[A89] Re: p55x


[Prev][Next][Index][Thread]

[A89] Re: p55x



> Or, Proposal for Modernization of 68K Calculator Development on Unix.
> Windows people who want to reap any bounty should use Cygwin or MinGW
> until such time as they get a real operating system.

Well, Cygwin and MinGW are certainly much worse than pure Windows: very
slow and buggy. But yes, for people who know the Unix world, they are
usable.

> Improve TiLP and such.
> - Trash libticables, or greatly reduce. Require kernel module for
> black, parallel, USB links.

What about people with 2.2 kernels? Debian stable still uses them by
default, but they provide a package for 2.4 (2.4.18, I believe). Yet I
have not seen the support for anything calculator-related even in the
2.4.21 configuration.

However, people with Debian stable might not install TiLP anyway. Or
you'll have to backport all bugfixes to the Debian package on
www.tilp.info (wherever it is).

> - Improve kernel module build process. (This is the only thing I've
> already done.)

You mean you will require people to patch their kernel? Or are these
standalone modules like the 2.2 PCMCIA modules? Anyway, I don't think
that every user wants to build things from source, even on Linux. By the
way, don't libticables and libticalcs work on other Unix derivates? I
see at least FreeBSD on www.tilp.info. What about those?

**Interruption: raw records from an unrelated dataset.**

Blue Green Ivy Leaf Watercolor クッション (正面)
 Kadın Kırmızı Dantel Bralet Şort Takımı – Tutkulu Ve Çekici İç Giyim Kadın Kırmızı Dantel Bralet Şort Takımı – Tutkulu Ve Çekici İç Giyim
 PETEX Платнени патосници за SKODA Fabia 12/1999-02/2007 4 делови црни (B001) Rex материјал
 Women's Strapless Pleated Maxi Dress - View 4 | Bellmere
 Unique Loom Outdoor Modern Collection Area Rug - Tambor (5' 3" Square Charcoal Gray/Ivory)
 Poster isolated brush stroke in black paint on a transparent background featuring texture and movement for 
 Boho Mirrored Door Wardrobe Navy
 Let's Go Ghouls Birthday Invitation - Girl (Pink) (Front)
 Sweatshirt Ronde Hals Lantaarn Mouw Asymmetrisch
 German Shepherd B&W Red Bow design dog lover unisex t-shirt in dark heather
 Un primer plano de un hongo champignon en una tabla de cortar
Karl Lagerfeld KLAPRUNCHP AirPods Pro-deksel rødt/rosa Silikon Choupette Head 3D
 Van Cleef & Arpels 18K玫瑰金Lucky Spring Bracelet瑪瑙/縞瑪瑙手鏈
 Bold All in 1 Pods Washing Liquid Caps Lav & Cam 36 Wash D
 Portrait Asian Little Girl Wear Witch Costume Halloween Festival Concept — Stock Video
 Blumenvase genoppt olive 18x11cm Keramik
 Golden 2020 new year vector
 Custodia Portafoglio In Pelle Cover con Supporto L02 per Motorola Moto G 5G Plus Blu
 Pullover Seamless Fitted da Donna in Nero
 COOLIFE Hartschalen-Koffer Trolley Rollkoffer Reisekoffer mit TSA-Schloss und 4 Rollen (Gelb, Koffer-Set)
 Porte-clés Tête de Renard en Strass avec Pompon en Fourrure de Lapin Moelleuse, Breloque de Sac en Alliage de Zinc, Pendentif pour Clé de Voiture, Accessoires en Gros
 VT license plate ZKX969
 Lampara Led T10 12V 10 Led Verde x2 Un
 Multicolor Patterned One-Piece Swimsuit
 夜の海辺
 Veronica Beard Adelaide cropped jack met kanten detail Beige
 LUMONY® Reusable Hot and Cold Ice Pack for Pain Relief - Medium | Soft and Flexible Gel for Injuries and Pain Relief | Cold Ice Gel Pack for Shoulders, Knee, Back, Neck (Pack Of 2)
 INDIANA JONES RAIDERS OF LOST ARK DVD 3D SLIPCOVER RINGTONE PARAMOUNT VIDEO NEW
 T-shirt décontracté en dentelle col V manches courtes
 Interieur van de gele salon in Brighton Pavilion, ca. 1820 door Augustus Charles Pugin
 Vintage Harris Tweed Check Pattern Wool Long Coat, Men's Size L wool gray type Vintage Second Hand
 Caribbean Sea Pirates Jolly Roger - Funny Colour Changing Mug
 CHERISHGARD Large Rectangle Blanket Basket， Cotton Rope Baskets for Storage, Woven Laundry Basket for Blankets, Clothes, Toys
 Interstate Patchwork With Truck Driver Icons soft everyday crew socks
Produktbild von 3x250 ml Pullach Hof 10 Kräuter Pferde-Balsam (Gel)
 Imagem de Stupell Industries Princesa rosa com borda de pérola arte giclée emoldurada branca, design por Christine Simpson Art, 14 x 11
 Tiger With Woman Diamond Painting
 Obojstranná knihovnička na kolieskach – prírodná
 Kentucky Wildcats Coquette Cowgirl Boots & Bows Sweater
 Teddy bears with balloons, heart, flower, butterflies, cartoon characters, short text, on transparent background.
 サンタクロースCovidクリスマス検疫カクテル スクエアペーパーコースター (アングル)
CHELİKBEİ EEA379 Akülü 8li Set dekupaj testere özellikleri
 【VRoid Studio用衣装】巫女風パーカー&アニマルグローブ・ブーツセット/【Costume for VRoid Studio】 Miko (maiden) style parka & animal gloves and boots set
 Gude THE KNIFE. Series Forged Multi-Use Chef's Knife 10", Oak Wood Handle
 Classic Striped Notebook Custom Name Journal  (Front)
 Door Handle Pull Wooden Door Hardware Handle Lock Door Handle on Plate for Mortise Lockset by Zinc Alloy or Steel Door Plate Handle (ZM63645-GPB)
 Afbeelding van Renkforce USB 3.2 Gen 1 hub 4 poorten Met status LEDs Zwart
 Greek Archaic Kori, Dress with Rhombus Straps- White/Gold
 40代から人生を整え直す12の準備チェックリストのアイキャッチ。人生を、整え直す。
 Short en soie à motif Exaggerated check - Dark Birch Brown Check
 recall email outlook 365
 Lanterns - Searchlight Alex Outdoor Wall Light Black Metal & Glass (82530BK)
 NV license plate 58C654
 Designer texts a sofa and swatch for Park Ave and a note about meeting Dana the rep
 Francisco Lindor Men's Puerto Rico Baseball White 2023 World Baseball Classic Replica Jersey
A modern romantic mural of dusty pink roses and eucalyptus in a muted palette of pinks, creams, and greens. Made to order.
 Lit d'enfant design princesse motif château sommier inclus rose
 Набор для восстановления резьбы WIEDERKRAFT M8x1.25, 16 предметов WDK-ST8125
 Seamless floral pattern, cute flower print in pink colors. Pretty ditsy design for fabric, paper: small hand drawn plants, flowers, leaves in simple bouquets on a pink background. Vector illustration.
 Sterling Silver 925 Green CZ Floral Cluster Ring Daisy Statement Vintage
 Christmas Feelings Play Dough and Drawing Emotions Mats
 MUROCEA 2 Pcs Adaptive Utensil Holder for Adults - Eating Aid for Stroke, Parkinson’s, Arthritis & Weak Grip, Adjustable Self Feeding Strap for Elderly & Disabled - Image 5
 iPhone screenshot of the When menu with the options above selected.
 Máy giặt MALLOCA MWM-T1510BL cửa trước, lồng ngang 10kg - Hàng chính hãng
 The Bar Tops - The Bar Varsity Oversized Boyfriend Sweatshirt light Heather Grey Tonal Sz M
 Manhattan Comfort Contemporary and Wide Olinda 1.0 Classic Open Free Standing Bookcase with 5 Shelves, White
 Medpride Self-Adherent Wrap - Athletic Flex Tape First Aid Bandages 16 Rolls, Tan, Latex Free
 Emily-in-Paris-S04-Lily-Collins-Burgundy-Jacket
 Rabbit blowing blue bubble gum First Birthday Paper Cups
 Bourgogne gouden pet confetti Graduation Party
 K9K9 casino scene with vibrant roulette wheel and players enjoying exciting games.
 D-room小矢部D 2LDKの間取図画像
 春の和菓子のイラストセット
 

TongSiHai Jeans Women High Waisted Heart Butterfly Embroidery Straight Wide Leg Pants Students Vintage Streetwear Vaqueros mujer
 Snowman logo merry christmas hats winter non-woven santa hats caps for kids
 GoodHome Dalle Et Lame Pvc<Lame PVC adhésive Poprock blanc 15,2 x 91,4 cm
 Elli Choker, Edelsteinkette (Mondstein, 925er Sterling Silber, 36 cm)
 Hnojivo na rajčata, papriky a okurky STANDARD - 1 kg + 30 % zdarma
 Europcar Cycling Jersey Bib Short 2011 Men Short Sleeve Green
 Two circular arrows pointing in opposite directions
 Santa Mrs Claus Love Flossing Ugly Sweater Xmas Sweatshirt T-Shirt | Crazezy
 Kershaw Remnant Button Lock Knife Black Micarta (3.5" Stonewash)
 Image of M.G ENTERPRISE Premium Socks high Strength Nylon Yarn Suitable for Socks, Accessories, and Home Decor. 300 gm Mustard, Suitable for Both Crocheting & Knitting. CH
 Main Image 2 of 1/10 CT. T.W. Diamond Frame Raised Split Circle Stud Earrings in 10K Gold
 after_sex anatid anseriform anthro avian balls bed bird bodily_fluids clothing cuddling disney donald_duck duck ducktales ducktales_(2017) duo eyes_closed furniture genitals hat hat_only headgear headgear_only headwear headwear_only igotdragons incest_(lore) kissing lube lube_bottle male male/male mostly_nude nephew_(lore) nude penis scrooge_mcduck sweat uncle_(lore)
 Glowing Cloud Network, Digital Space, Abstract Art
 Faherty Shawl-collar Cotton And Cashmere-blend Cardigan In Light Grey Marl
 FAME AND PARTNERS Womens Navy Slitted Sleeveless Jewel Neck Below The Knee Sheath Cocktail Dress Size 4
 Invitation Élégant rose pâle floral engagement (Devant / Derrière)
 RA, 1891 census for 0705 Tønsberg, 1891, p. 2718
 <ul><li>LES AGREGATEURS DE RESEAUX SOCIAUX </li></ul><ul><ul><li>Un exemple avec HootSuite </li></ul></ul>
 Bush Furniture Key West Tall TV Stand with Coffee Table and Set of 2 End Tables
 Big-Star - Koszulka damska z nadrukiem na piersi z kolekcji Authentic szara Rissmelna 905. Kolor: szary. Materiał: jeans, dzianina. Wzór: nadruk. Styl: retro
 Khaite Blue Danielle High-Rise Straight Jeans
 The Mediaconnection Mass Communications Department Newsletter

> - Prettify file selector (among other things). At least make it start
> in CWD as opposed to home directory, and make it not show hidden files
> (if it does, which I think it does.) Allow entry of pathnames instead
> of click-o-rama.- Get rid of debug gibberish. Provide for totally
> quiet non-interactive mode.- Squash compatibility issues. Allow to
> work beside GtkTiEmu.

That sounds good (I think ;-)).

> Building.
> - Trash specialized TIGCC. Replace with direct build from GNU sources,
> plus some libs and headers.

Good luck with that.
Have you actually read the GCC patch? It means you'll have to drop a lot
of things: native float support, register-relative mode, F-Line ROM
calls, ...
If you mean you only want to drop the tigcc front-end and patch gcc
instead, then OK, but you _really_ might want to work together with the
TIGCC team in this case, specifically Kevin.

> Real Programmers don't use IDEs.

That is probably true, but what about newbies. (OK, not many newbies use
Unix systems.)

> - Patch GNU as to accept a68k syntax.

That is a good idea.

> - Teach proper use of modular programming, assembler/C mixing, GNU
> extensions, GNU make, and linking.

The problem with modular programming (and with a lot of other things
related to TIGCC) is the lack of space on calculators. It will hopefully
become better in future TIGCC releases, but only due to very strong
linker optimizations.

> - (warning: compatibility breakage) Make API more ANSI/POSIXish.

I don't exactly know what you mean. Make it compilable with '-ansi'? Or
do you want to improve the ANSI-specific functions?

> Remove evil monolithic header files.

And do what? One header file for types, and others for functions? That
sounds good to me, except for the compatibility breakage.